Your objective:
Find "Tripod Level - Works" in the listing below, then set down only that line and each later line, unchanged, leaving out pictures.
=== Provided records ===
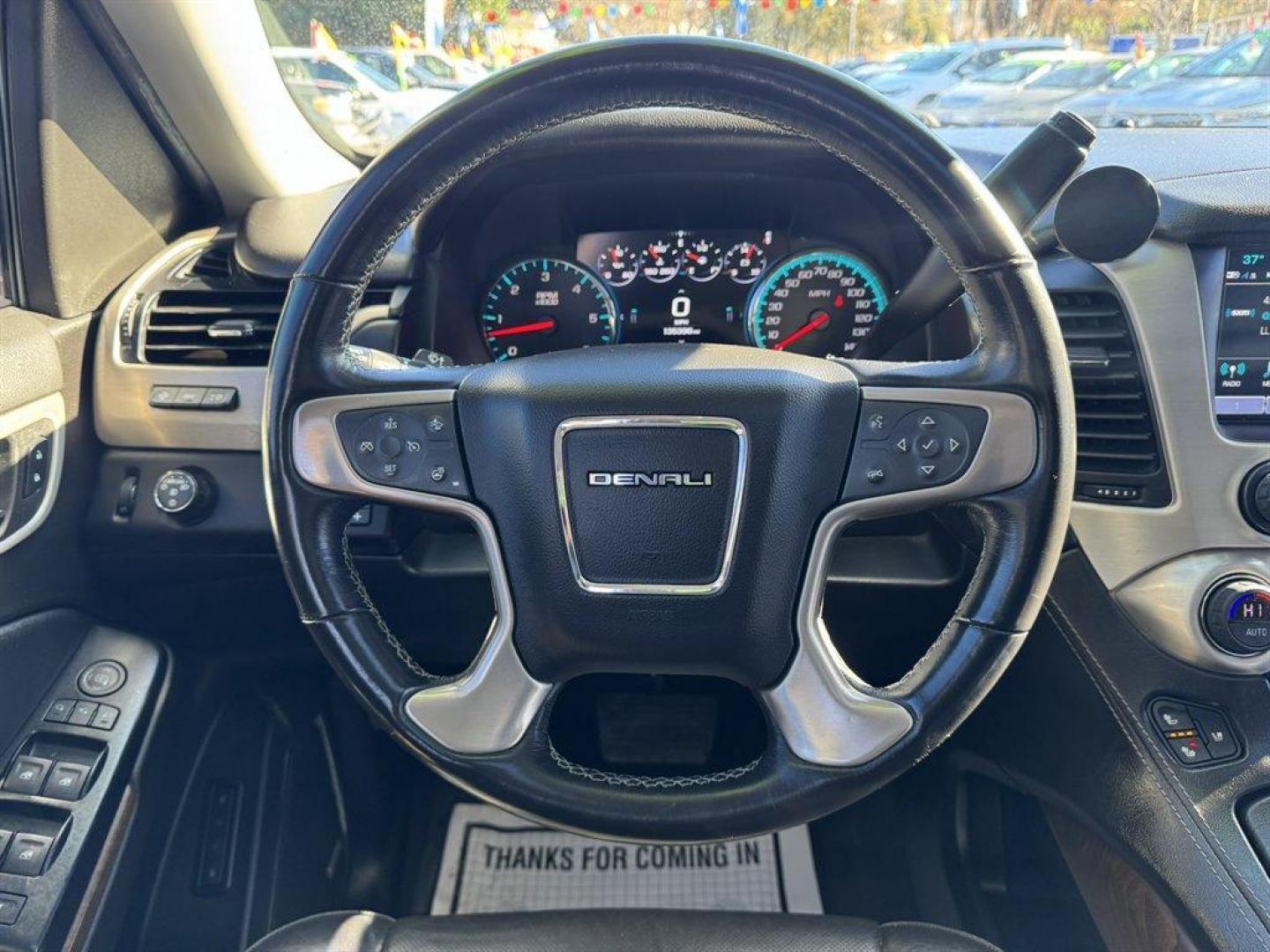 2020 White /Black GMC Yukon XL (1GKS1HKJ9LR) with an 6.2l V8 DI VVT Flex 6.2l engine, Automatic transmission, located at 745 East Steele Rd., West Columbia, SC, 29170, (803) 755-9148, 33.927212, -81.148483 - Photo#7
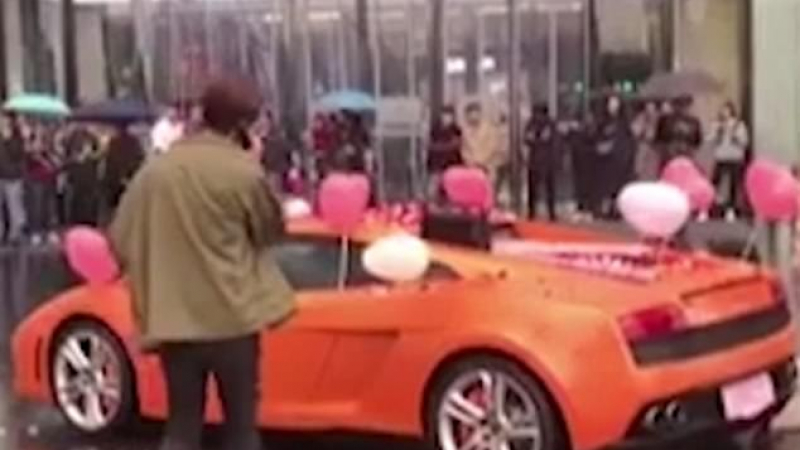 Богаташ публично предложи брак и Lamborghini на възлюбената си, отговорът беше неочакван (СНИМКИ/ВИДЕО)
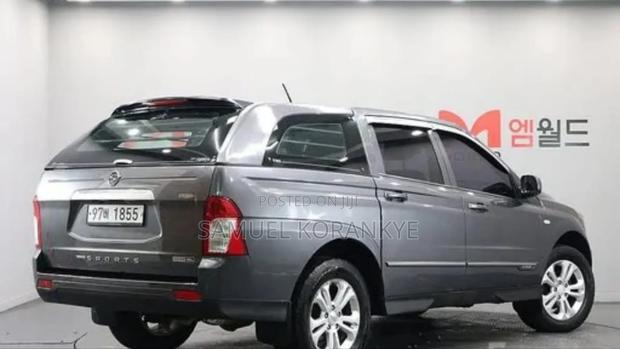 SsangYong Korando 2018 Gray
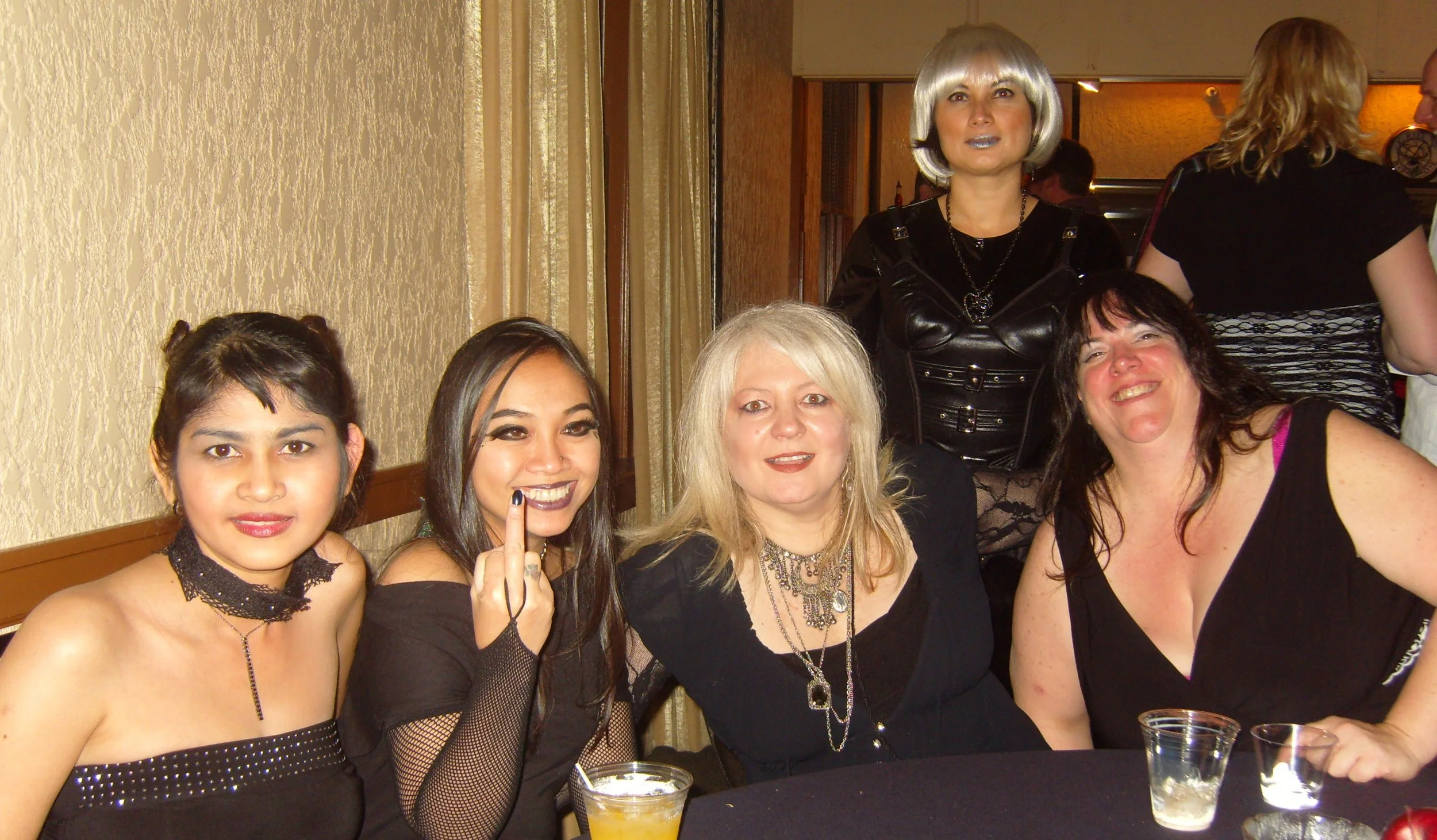 2009-11-21 GOTHIC BALL PARTY - TWIGHLIGHT OPENING WEEKEND (11).JPG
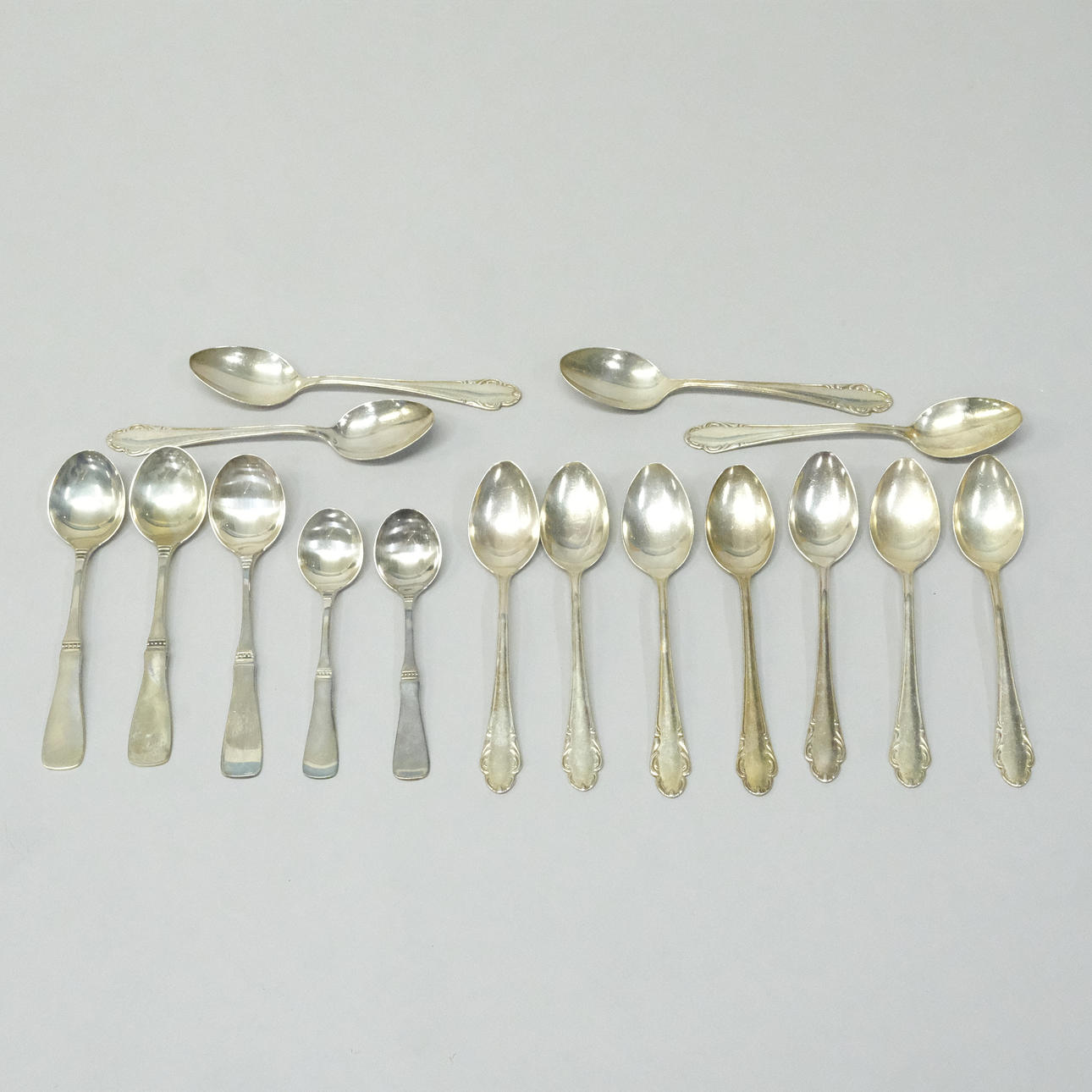 SPOONS, SILVER, 16 PIECES.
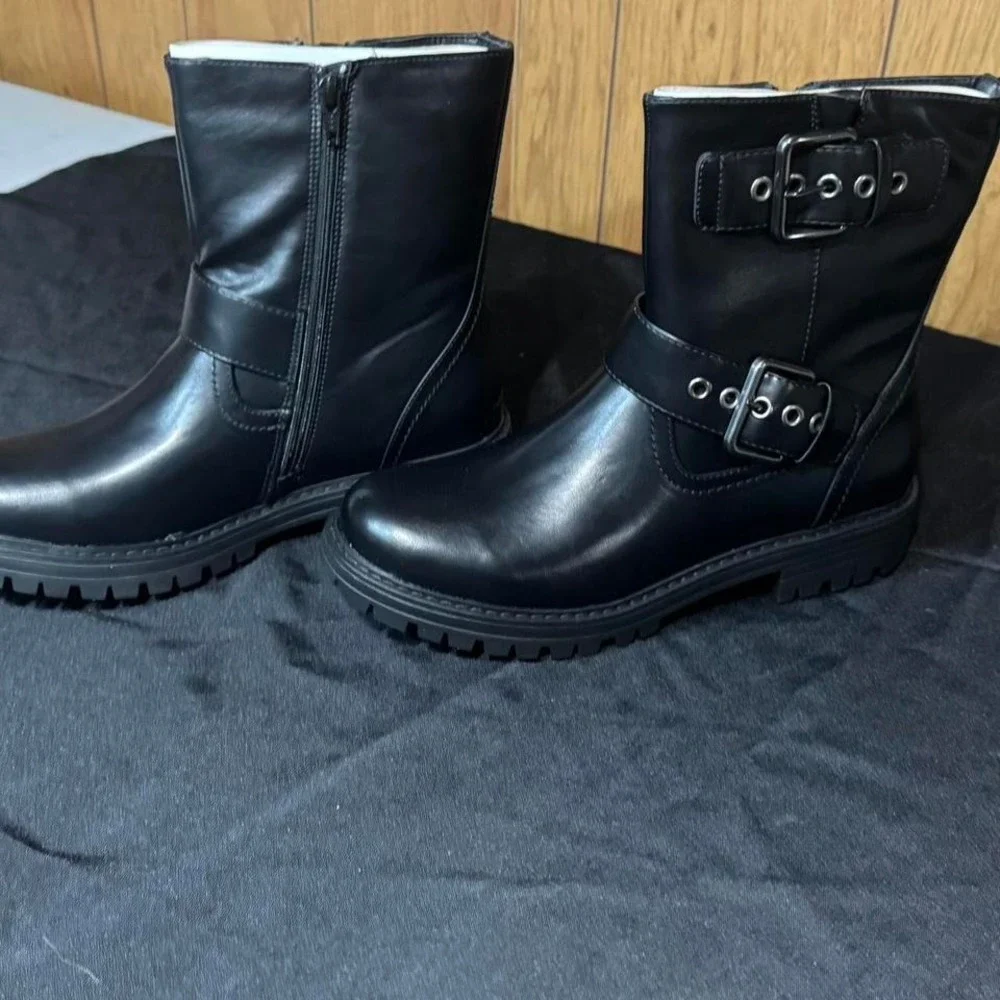 Black faux leather ankle boots with buckles Size 9.5 Womens NEW‎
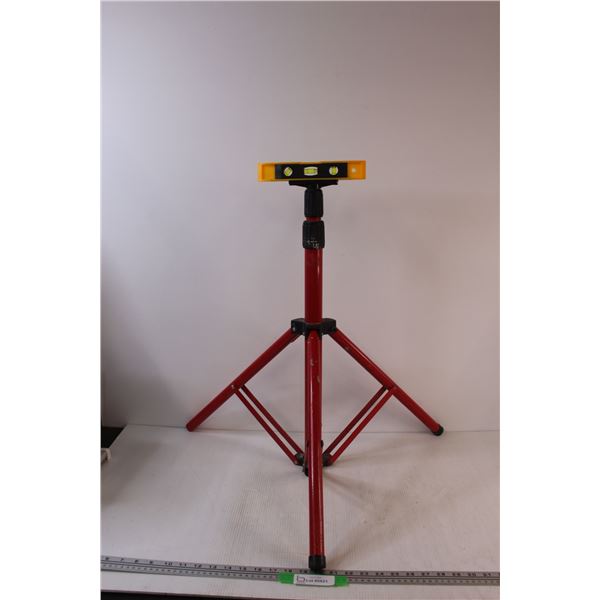 Tripod Level - Works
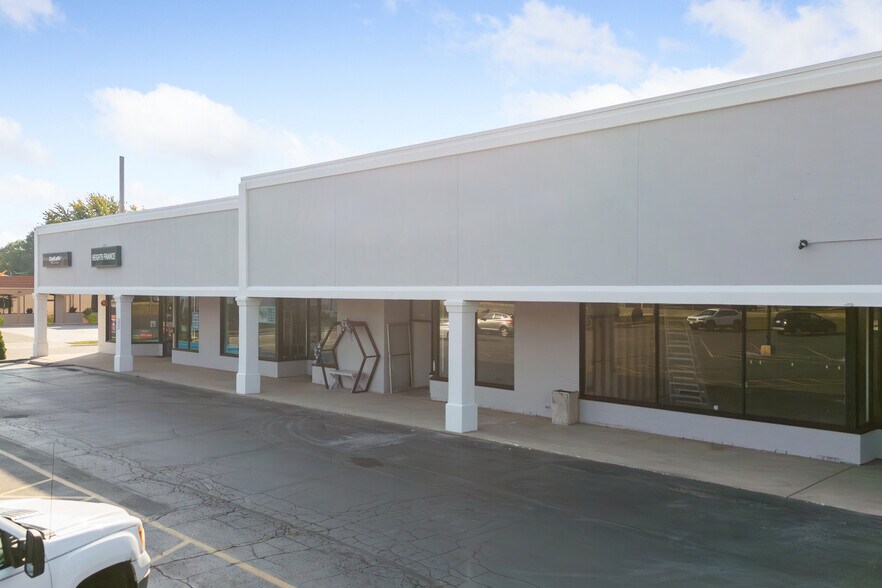 120-150 May Mart Dr, Rochelle, IL à louer - Photo de l’immeuble – Image 3 sur 22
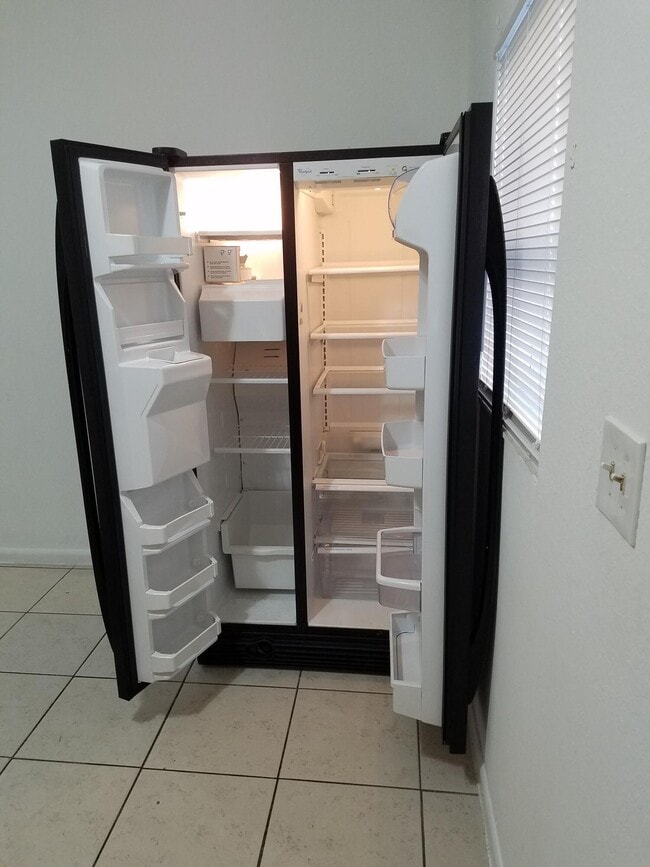 Building Photo - 2009 Division Ave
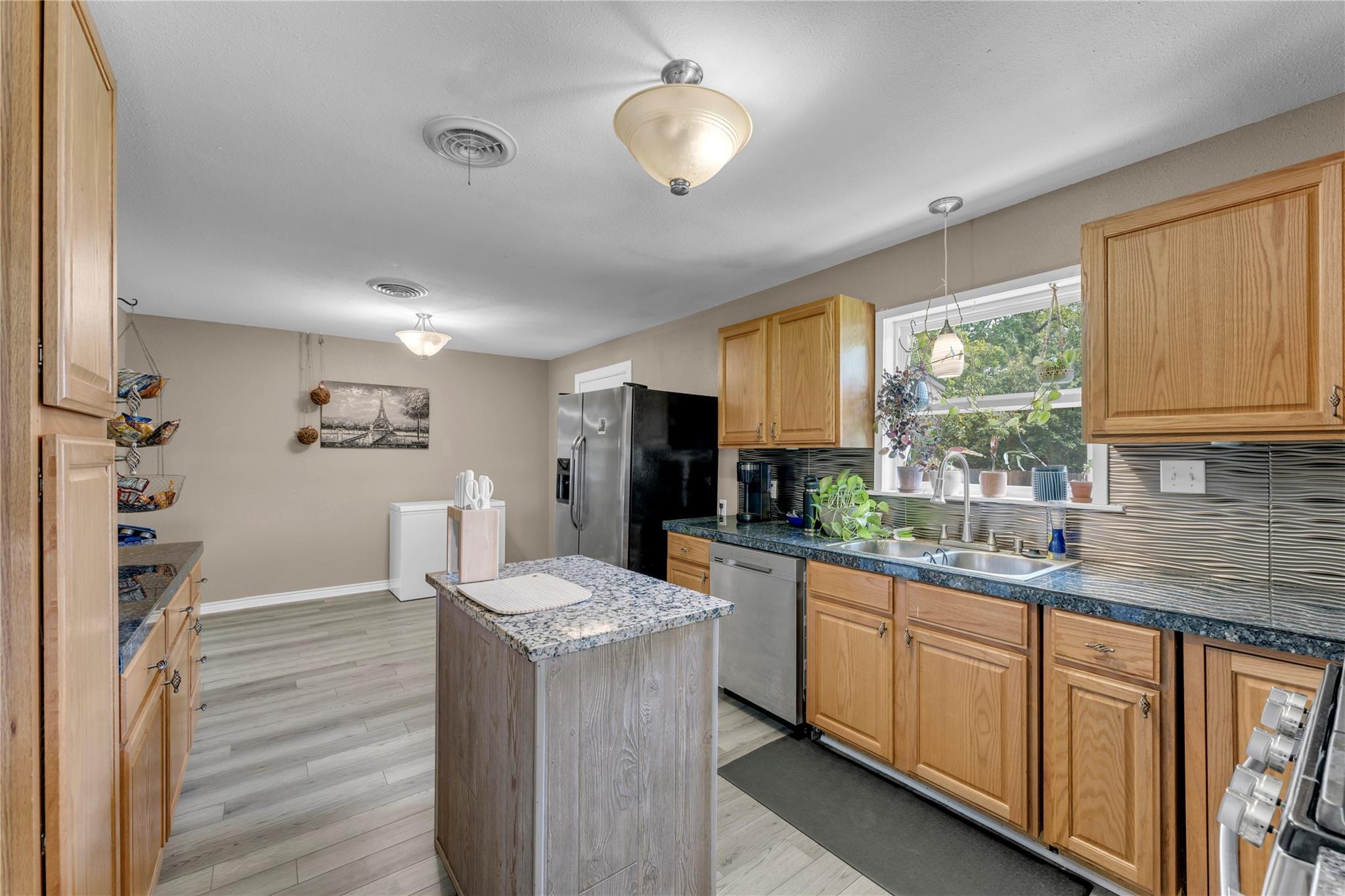 209 E Live Oak Street Burnet TX 78611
===
The answer:
 Tripod Level - Works
 120-150 May Mart Dr, Rochelle, IL à louer - Photo de l’immeuble – Image 3 sur 22
 Building Photo - 2009 Division Ave
 209 E Live Oak Street Burnet TX 78611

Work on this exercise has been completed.